_Available data_
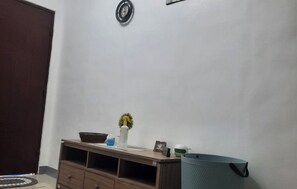 Shared Dormitory, 1 Bedroom, Smoking, Terrace | Interior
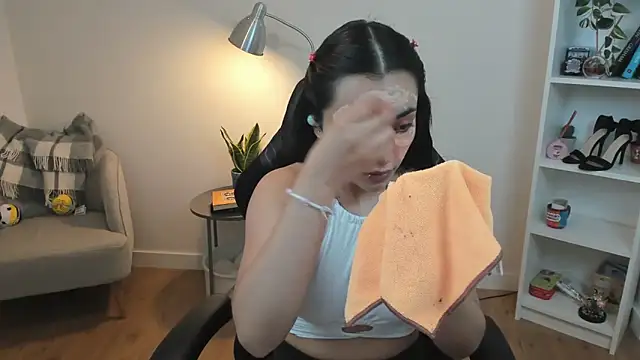 Snapshot of _BellaEvans_ chatting on 03-07-25, 05:51 BellaEvans online show from 03-07-25, 05:51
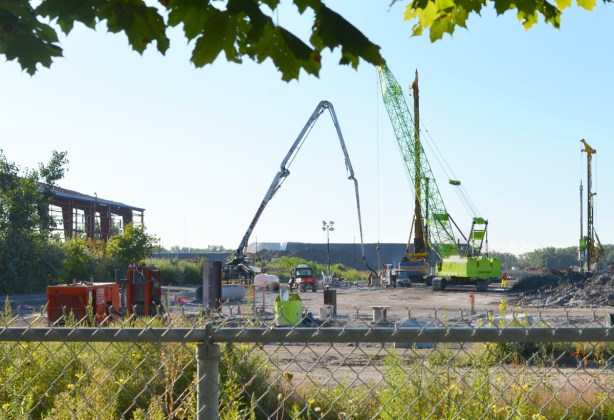 cranes, workers, construction site 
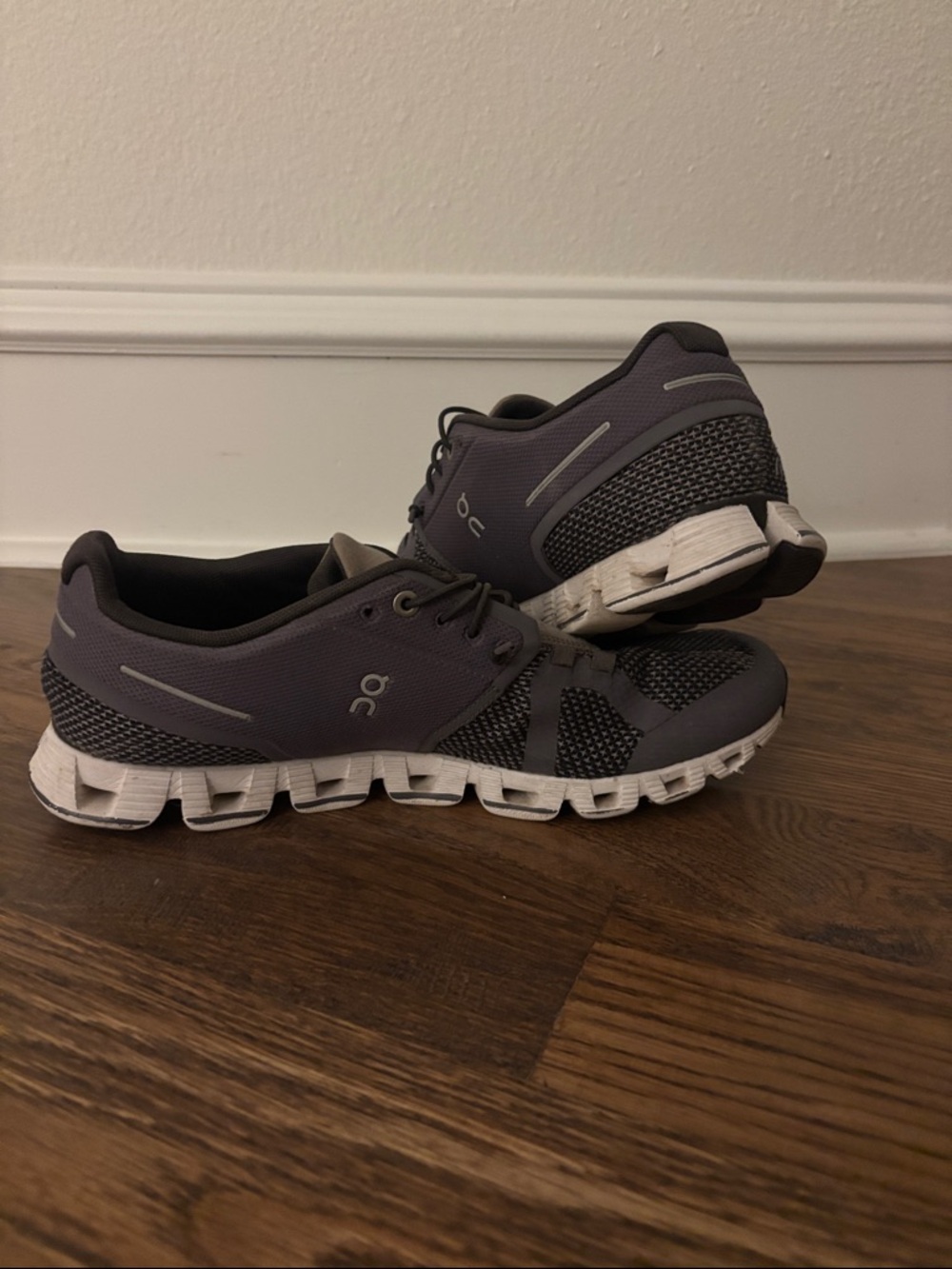 On Running Womens Cloud Running Shoes - Dark purple with White Sole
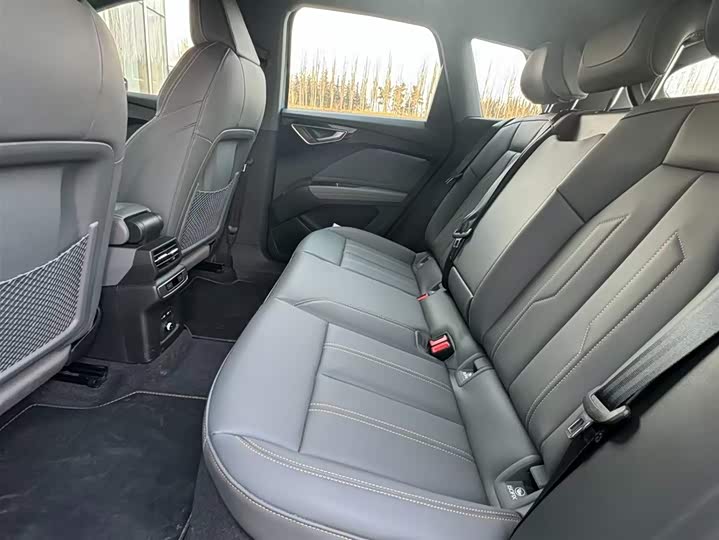 Фото 7 - Audi Q4 e-tron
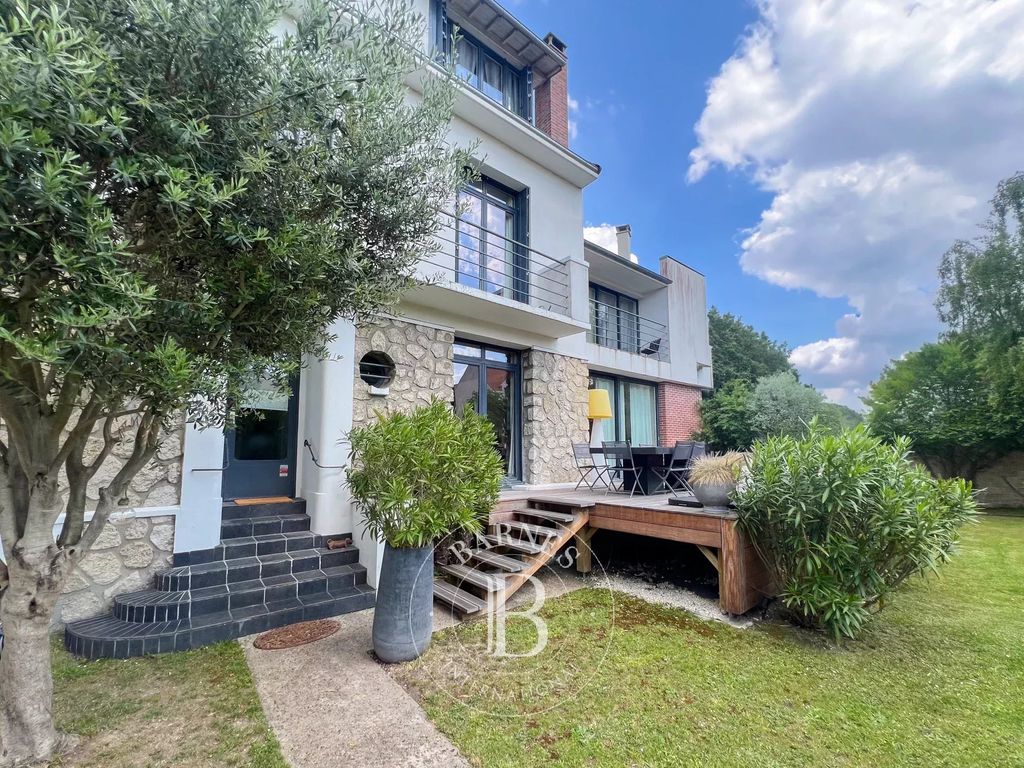 Property photo 1 of 29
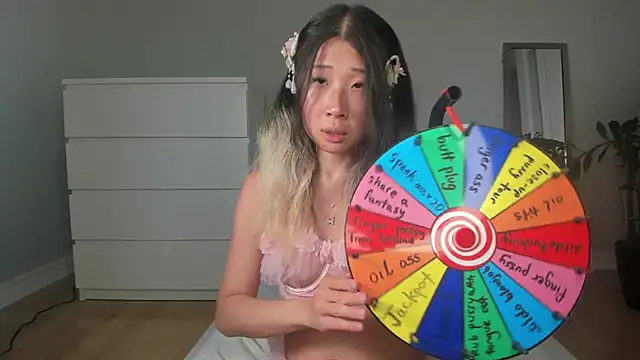 Jiwooe online show from June 22, 2026, 12:38 am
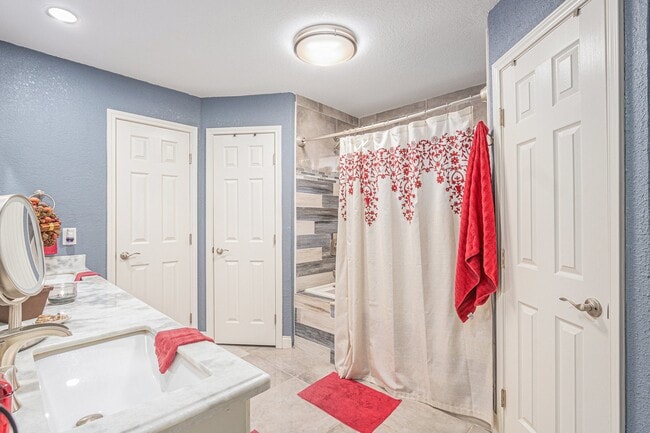 Building Photo - 5118 Whittier Oaks Dr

_About this task_
Leaving out the pictures, return exactly the lines from the one that contains "Jiwooe online show" through the last line of the records above, inclusive.

_Written reply_
 Jiwooe online show from June 22, 2026, 12:38 am
 Building Photo - 5118 Whittier Oaks Dr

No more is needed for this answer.